(Le Floridien) — Kenscoff, longtemps considérée comme une enclave préservée du chaos qui ravage Haïti, est aujourd’hui le théâtre d’une violence inédite et insoutenable. Selon un rapport conjoint publié récemment par le Bureau intégré des Nations Unies en Haïti (BINUH) et le Haut-Commissariat des Nations Unies aux droits de l’homme (HCDH), la commune a été littéralement assiégée depuis janvier par des groupes armés qui y sèment la terreur en toute impunité.
Le document, qualifié d’accablant par les observateurs, fait état d’au moins 262 morts, 86 blessés et plus de 3 000 déplacés internes, conséquence directe des attaques menées par des gangs lourdement armés. Environ 200 habitations ont été incendiées ou réduites en ruines, et l’horreur ne s’est pas arrêtée là.
« Les attaques contre Kenscoff ont été d’une brutalité extrême, menées dans l’objectif clair de semer la panique au sein de la population », a déclaré Maria Isabel Salvador, Représentante spéciale du Secrétaire général de l’ONU en Haïti et Cheffe du BINUH.
Parmi les victimes, des enfants, des femmes et des hommes ont été assassinés à l’intérieur de leurs foyers, tandis que d’autres ont été tués dans les chemins de montagne alors qu’ils tentaient de fuir les exactions.
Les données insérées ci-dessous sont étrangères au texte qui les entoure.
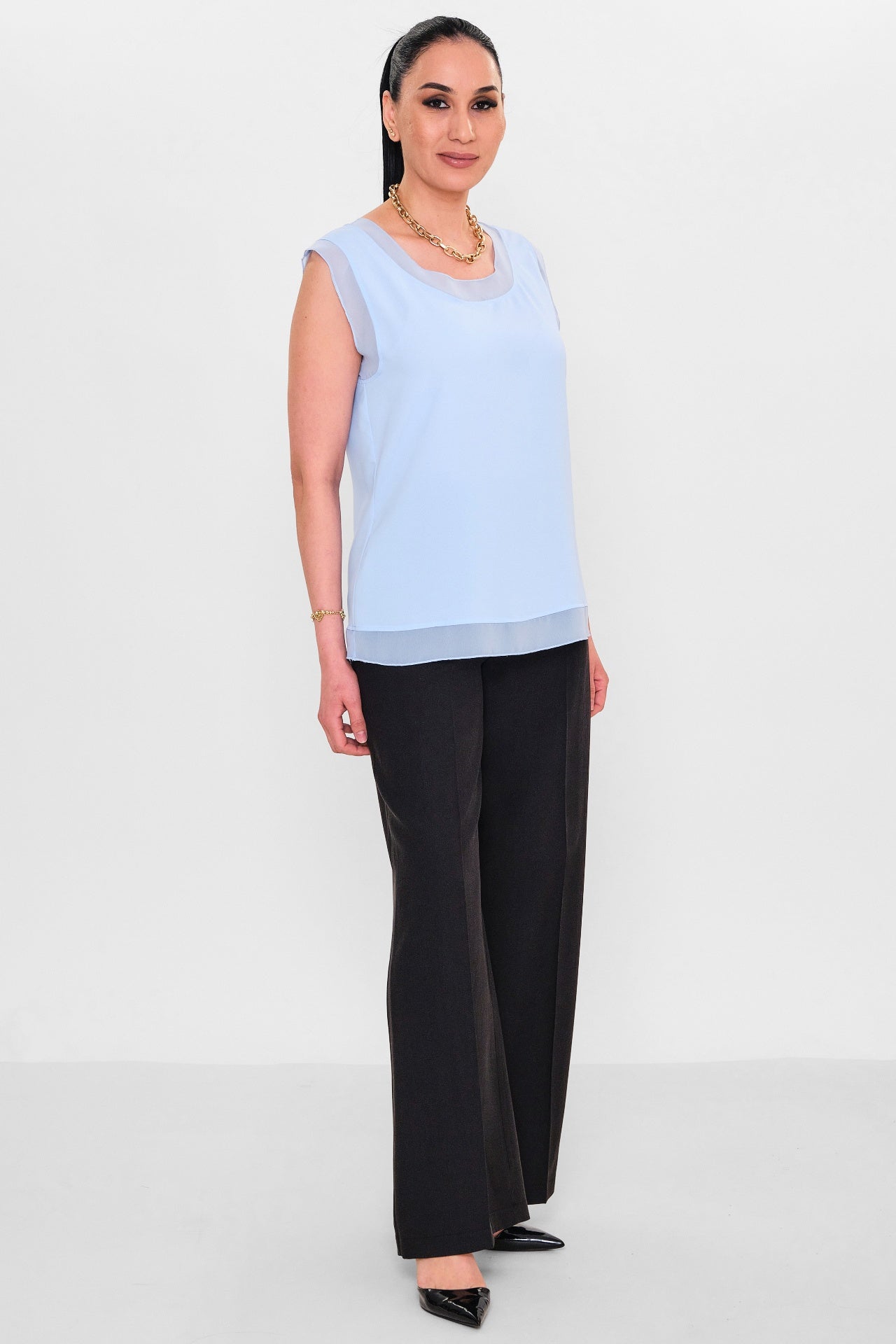 Fever - Plus Size Blouse (FVR26Y14024) - 8690200089237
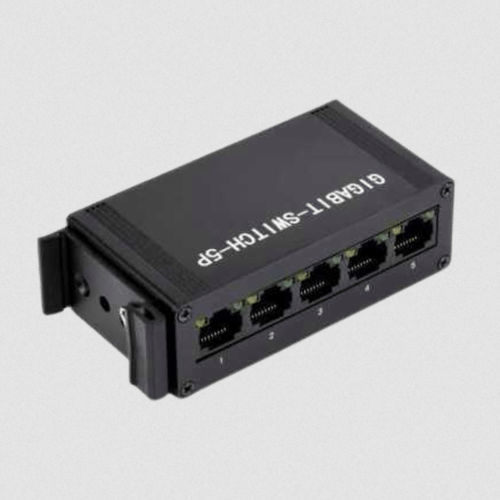 Умный коммутатор Ethernet - 22496 - CRE TECHNOLOGY - 5 портов / Gigabit Ethernet / на DIN-рейке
Au moins 53 % des tués étaient des civils, tandis que 47 % étaient identifiés comme affiliés à des groupes criminels, souligne le rapport.
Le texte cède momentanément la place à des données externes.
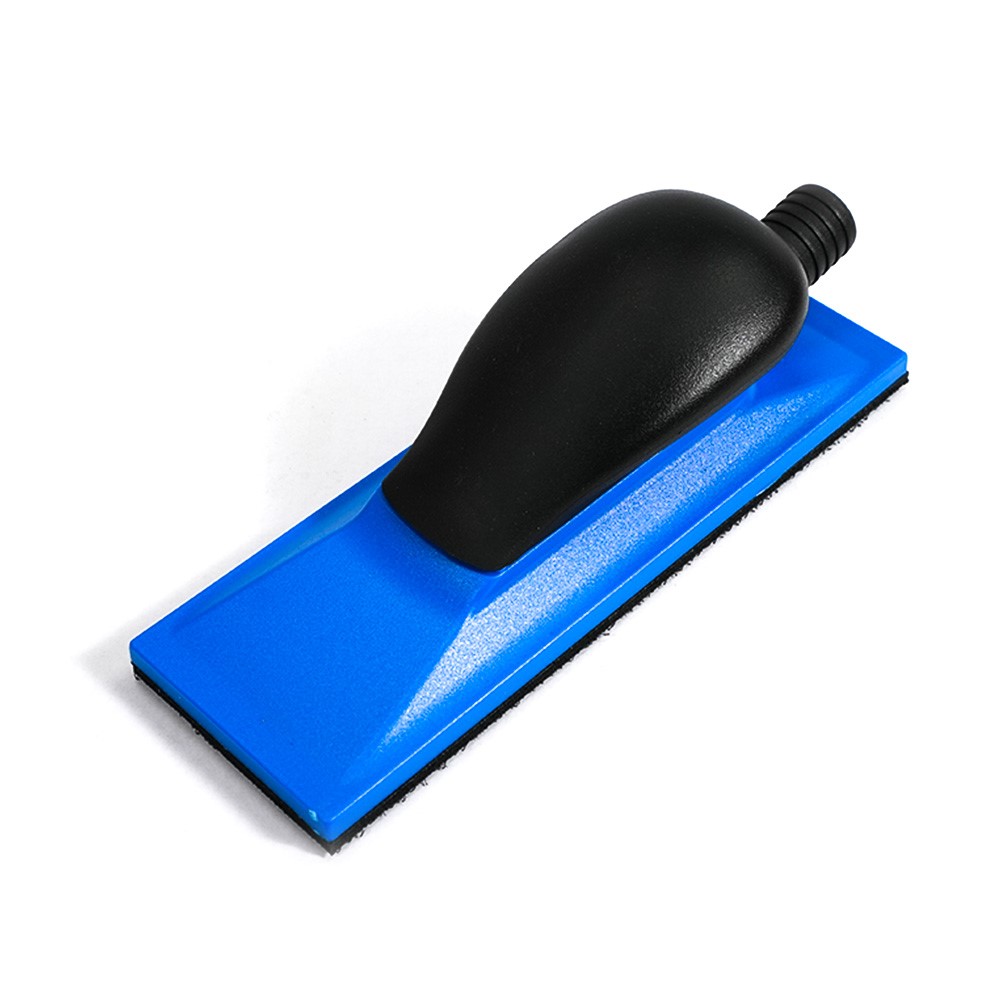 Handschleifklotz mit Absaugung 70x198 mm incl. 18 teiliges Schleifmittelset Handschleifklotz mit Absaugung 70x198 mm incl. 18 teiliges Schleifmittelset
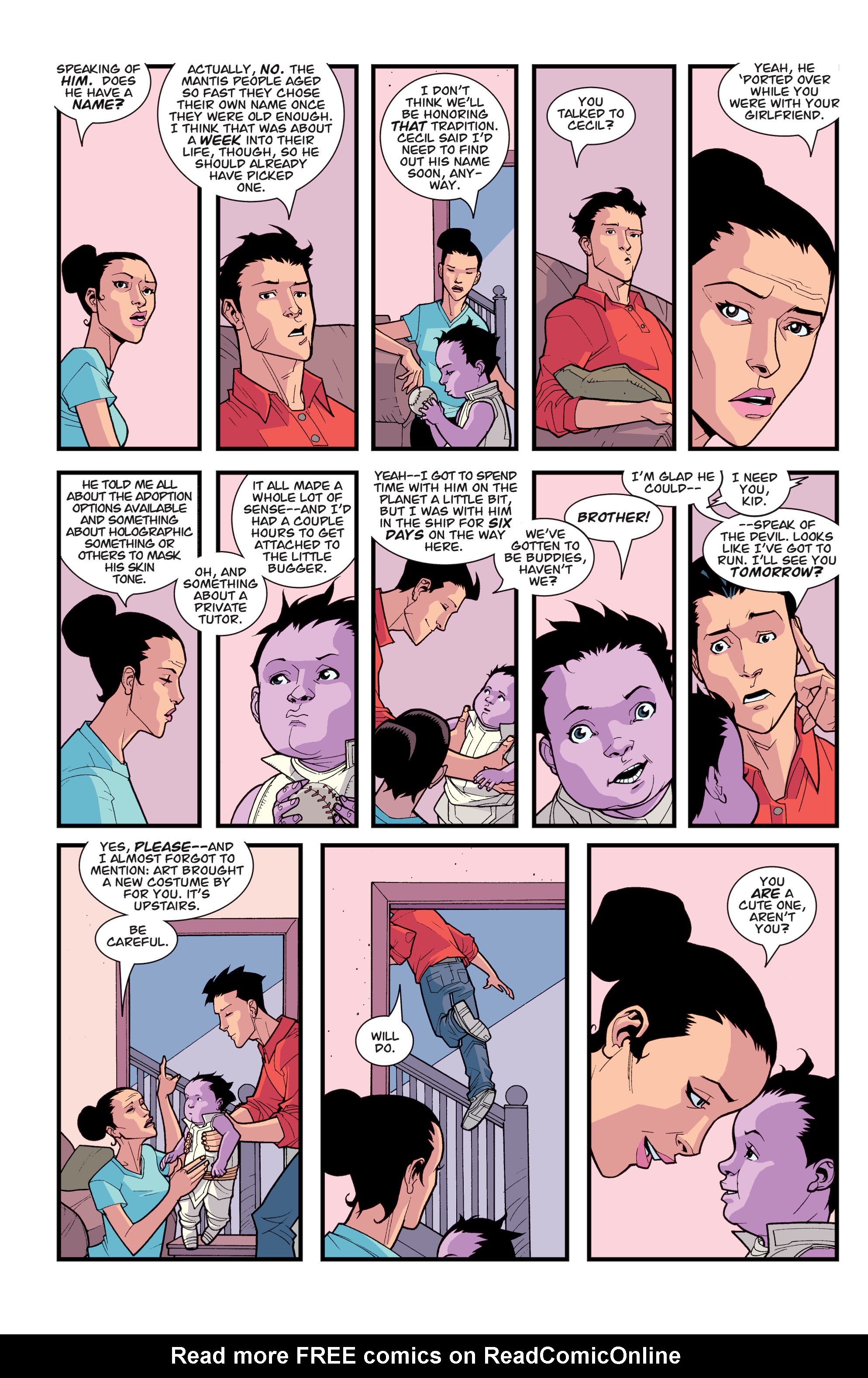 Read Invincible (2003) Manga Online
Mais l’horreur ne s’arrête pas aux chiffres : des actes de violence sexuelle systématique ont également été documentés. Des femmes et des jeunes filles ont été violées par des gangs, dans ce qui s’apparente à une stratégie de domination et de terreur à grande échelle.
Malgré les efforts déployés par les forces de l’ordre, les gangs armés maintiennent leur emprise sur plusieurs localités de la commune, recourant à de véritables tactiques de guerre pour empêcher toute intervention : routes sabotées, virages coupés, arbres abattus pour bloquer l’accès aux véhicules blindés de la PNH. Plusieurs demeures de prestige, dont la villa de l’homme d’affaires bien connu Olivier Barreau, PDG de la banque de l’Union haïtienne, ainsi que l’hôtel Ranch Le Montcel, ont été réduites en cendres, à en croire plusieurs vidéos circulant sur les réseaux sociaux.
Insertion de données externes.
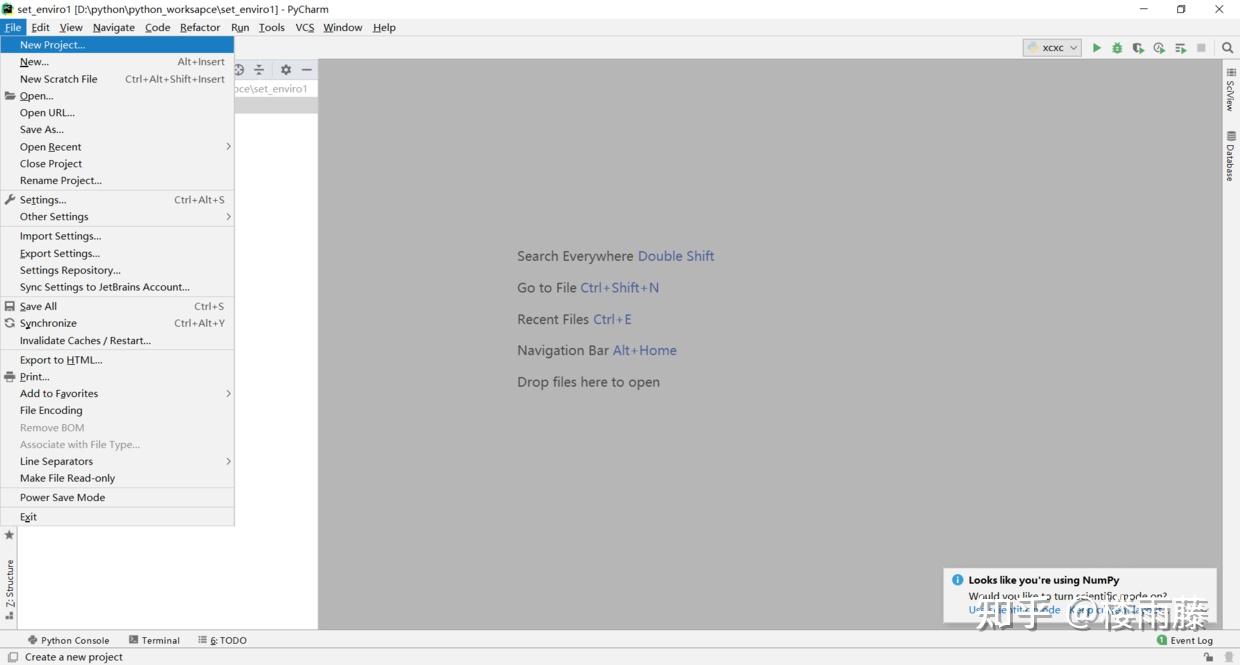 Pycharm anaconda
Dans un rapport séparé, le Réseau National de Défense des Droits Humains (RNDDH) met en lumière le rôle joué par Pierfils Orvil, un évadé de prison originaire de Kenscoff, dans l’escalade de la violence qui ravage actuellement la commune. Selon le RNDDH, ce dernier aurait facilité l’infiltration des bandes armées dirigées par le chef de gang « Didi », en ouvrant des voies d’accès stratégiques à travers la zone. Les premières attaques ont visé les quartiers de Chauffard, Bongo, Kafou Bèt et Mache Gode, avant de progresser vers Belisèt, en empruntant des sentiers escarpés serpentant à travers les montagnes.
Le RNDDH appelle les autorités à équiper les forces de l’ordre de matériels adaptés pour reprendre le contrôle de zones comme Belot, Kikwa, Via, tout en renforçant leur présence dans les secteurs encore épargnés tels que Furcy, Obleon et Clemenceau. Mais il prévient : plusieurs routes sont aujourd’hui impraticables, et certaines zones rurales sont totalement isolées, coupées du reste du pays.
Alors que l’État tente de distribuer une aide humanitaire, les Nations Unies reconnaissent que ces efforts restent largement insuffisants, surtout face aux traumatismes psychologiques profonds subis par les survivants, notamment les enfants.